■ **Task details**: Everything from the line holding "Snapshot of ema_lambert" through the end of the records should be printed exactly, apart from the pictures.

■ **Source material**:
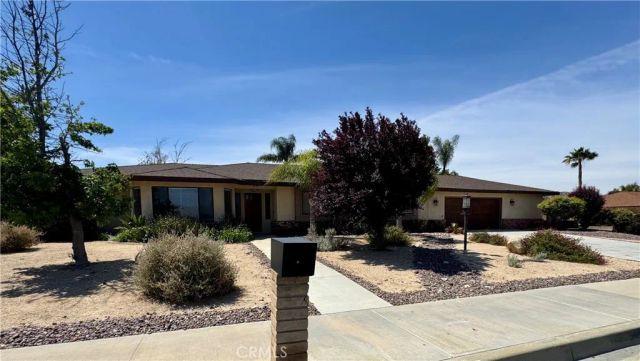 41565 Thornton, Hemet, CA 92544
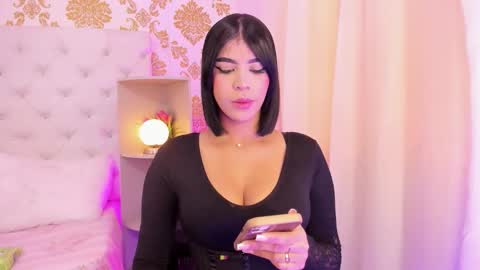 Snapshot of ema_lambert chatting on November 25, 2025, 2:39 pm Ema Lambert online show from November 25, 2025, 2:39 pm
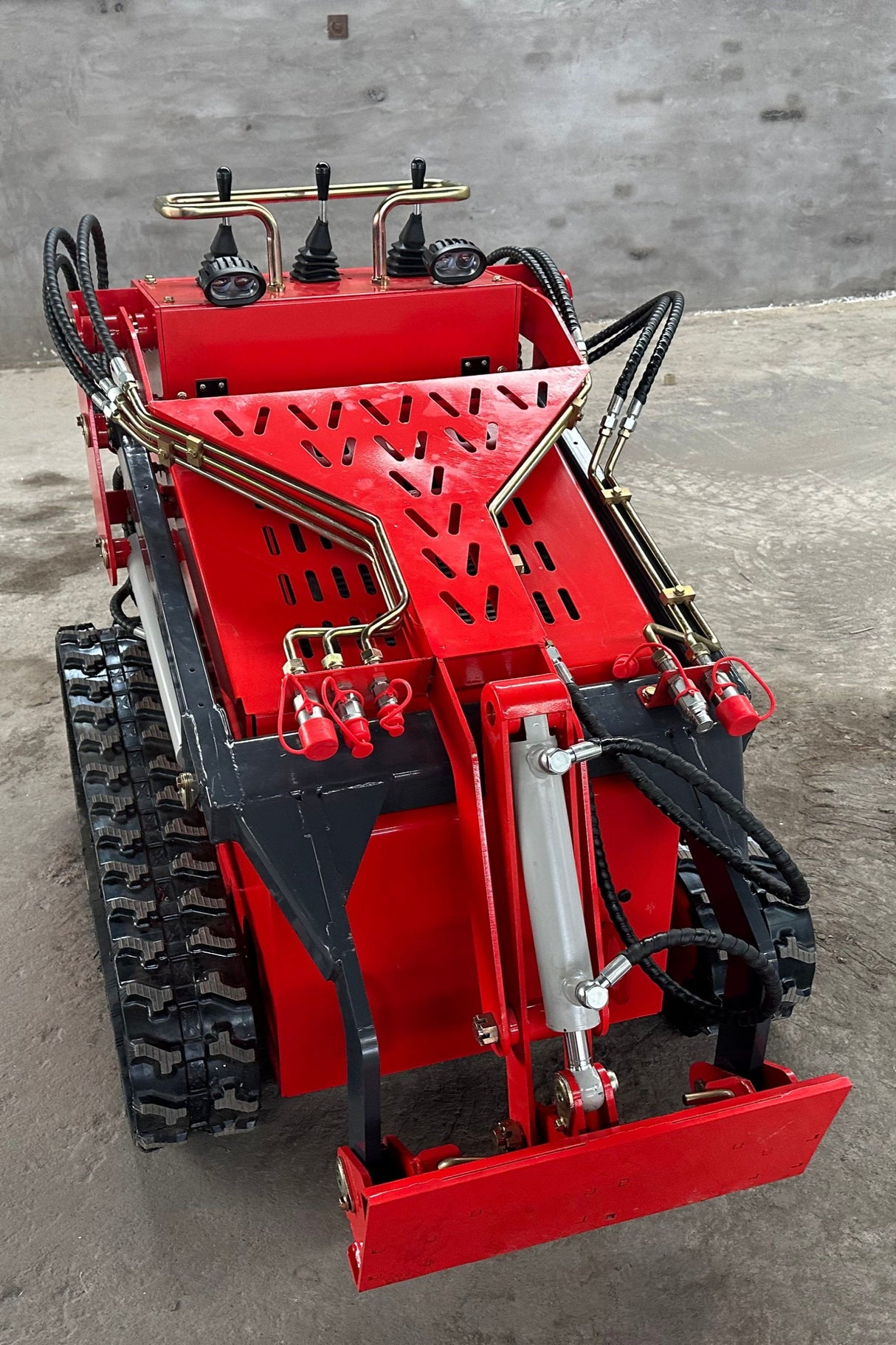 ST380 Mini Skid Steer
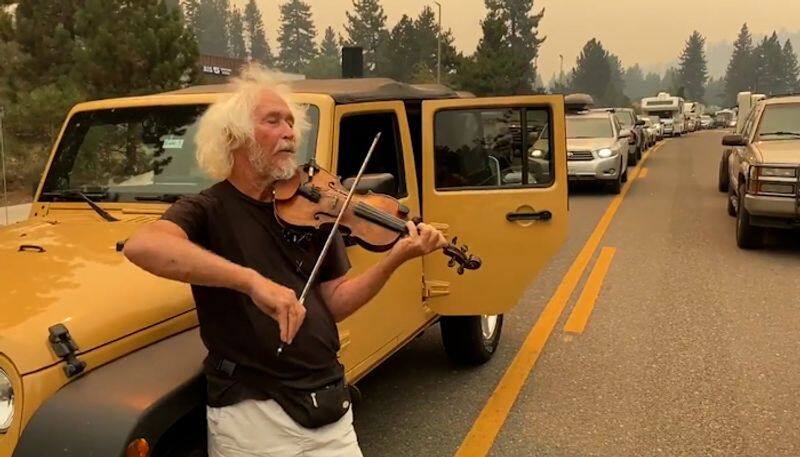 Man calms California fire evacuees stuck in traffic with his soulful violin performance; watch video-tgy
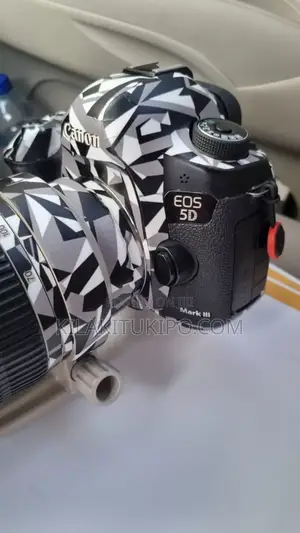 5D Mark Iii With Lens 70-200mm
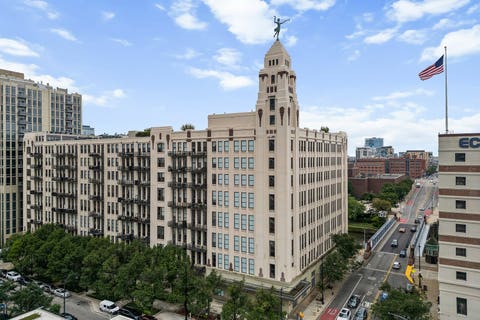 Photo of 758 N Larrabee Street #418, Chicago, IL 60654 (MLS # 12735714)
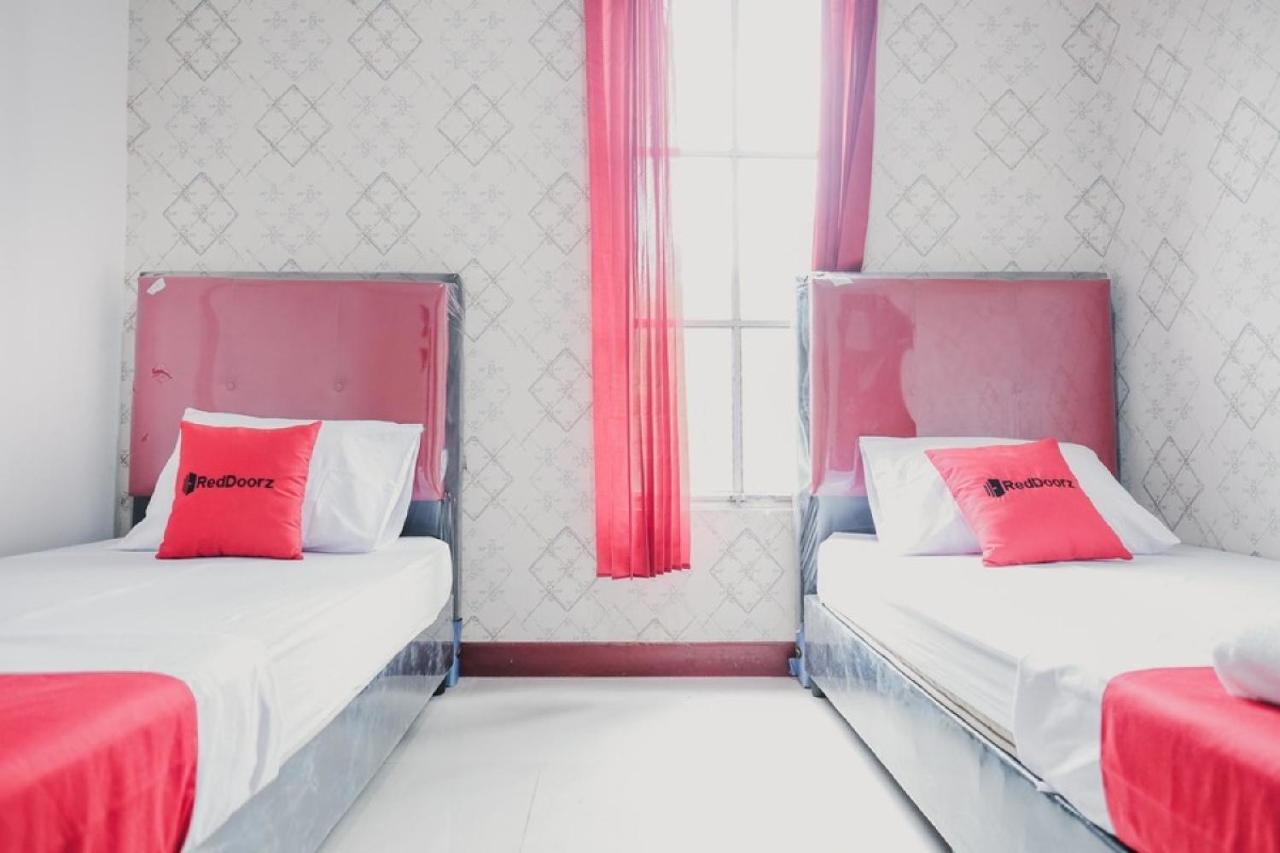 Reddoorz Near Nagoya Hill Batam 4 Hotel Jodoh  Buitenkant foto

■ **Your solution**:
 Snapshot of ema_lambert chatting on November 25, 2025, 2:39 pm Ema Lambert online show from November 25, 2025, 2:39 pm
 ST380 Mini Skid Steer
 Man calms California fire evacuees stuck in traffic with his soulful violin performance; watch video-tgy
 5D Mark Iii With Lens 70-200mm
 Photo of 758 N Larrabee Street #418, Chicago, IL 60654 (MLS # 12735714)
 Reddoorz Near Nagoya Hill Batam 4 Hotel Jodoh  Buitenkant foto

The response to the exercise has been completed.